Segundo um levantamento do portal Comunique-se mais de 1400 jornalistas foram demitidos em 2015, o que compreendeu também o fechamento de vários meios de comunicação no país. As empresas alegaram cortes orçamentários e reformulações, com maior destaque para a Infoglobo.
Os jornais O Globo, Extra e Expresso demitiram pelo menos 185 funcionários ao longo do período, sendo 40 jornalistas da redação dos diários cariocas apenas em dezembro.
O grupo Bandeirantes demitiu outros 80. O Diário de Pernambuco dispensou 130 funcionários apenas em março de 2015. Já o grupo Estado de S. Paulo, somando Rádio Estadão e o jornal Estado de S. Paulo foram responsáveis por 97 demissões em 2015.
Os meios de comunicação online também estão dentro do levantamento. O portal iG culpou a “atual situação macroeconômica” para dispensar mais 40, em maio. Em agosto, o portal Terra demitiu trinta profissionais.
Entre os jornais, o Diário da Região demitiu 33, a Folha de S.Paulo fechou 19 postos de trabalho e a Gazeta do Povo, de Curitiba, despediu 11 jornalistas. Ao Estado de Minas e ao O Tempo, de Belo Horizonte, MG, coube a contribuição de mais 26 jornalistas na rua.
A Petrobras também entrou na história, já que desempregou nada menos do que 500 profissionais de comunicação, assim como a NBS, que anunciou o desligamento de 40 pessoas em fevereiro do ano passado.
O grupo Abril, de Veja e outras, fechou o ano com 60 demissões de jornalistas.

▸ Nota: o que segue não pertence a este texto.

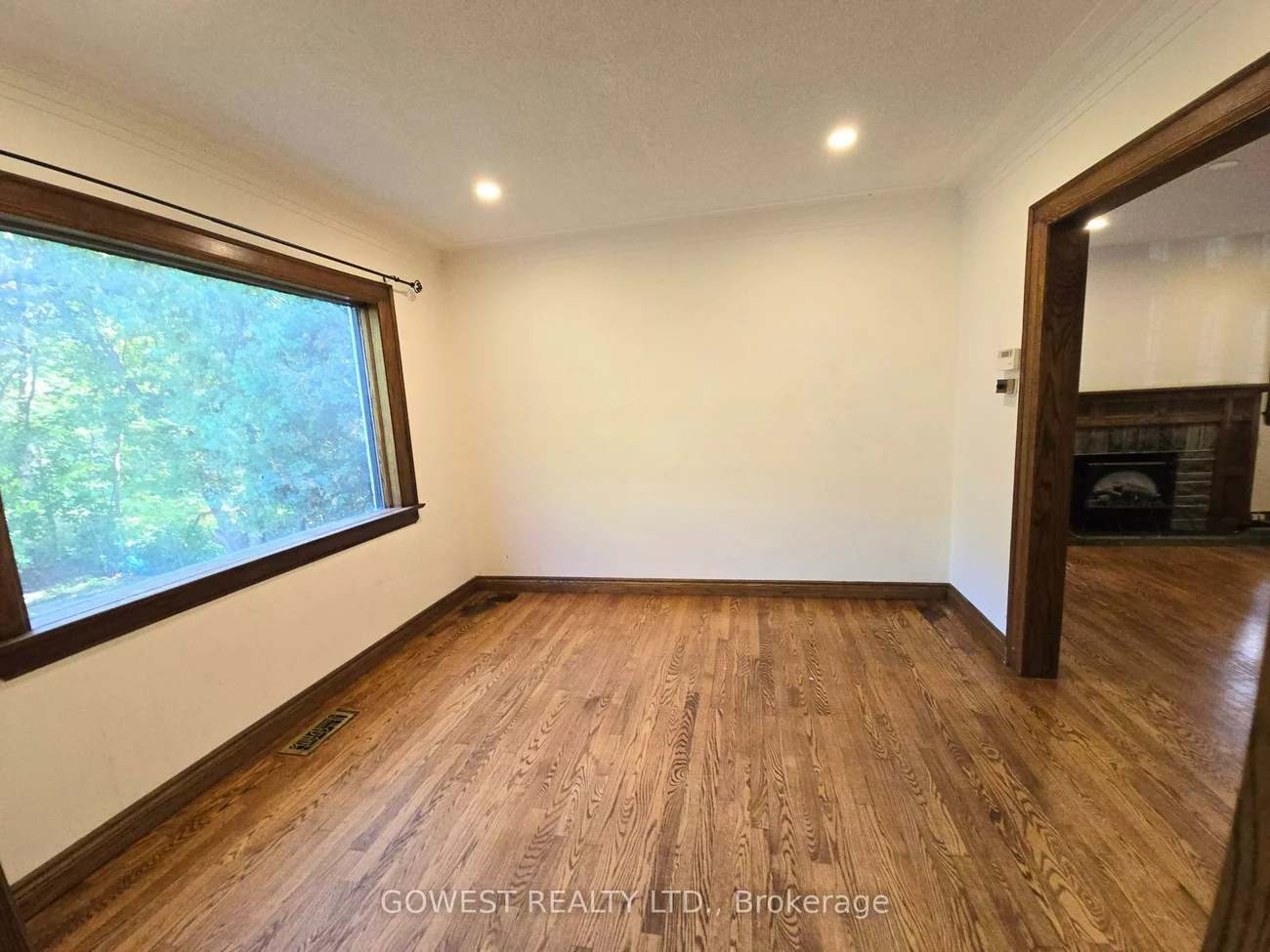 62, Pinewood, Mineola, Mississauga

A ESPN Brasil dispensou mais de 30, em outubro. Também em veículos televisivos, a TV Escola e o SBT enfrentaram problemas e demitiram, respectivamente, 50 e 46 funcionários.
Os jornais A Tarde e Massa, do mesmo grupo de comunicação, promoveram a demissão de ao menos 35 profissionais de suas redações no início de dezembro.
Há menos de duas semanas, o Jornal de Londrina, PR, foi fechado e mais de 12 jornalistas perderam seus empregos.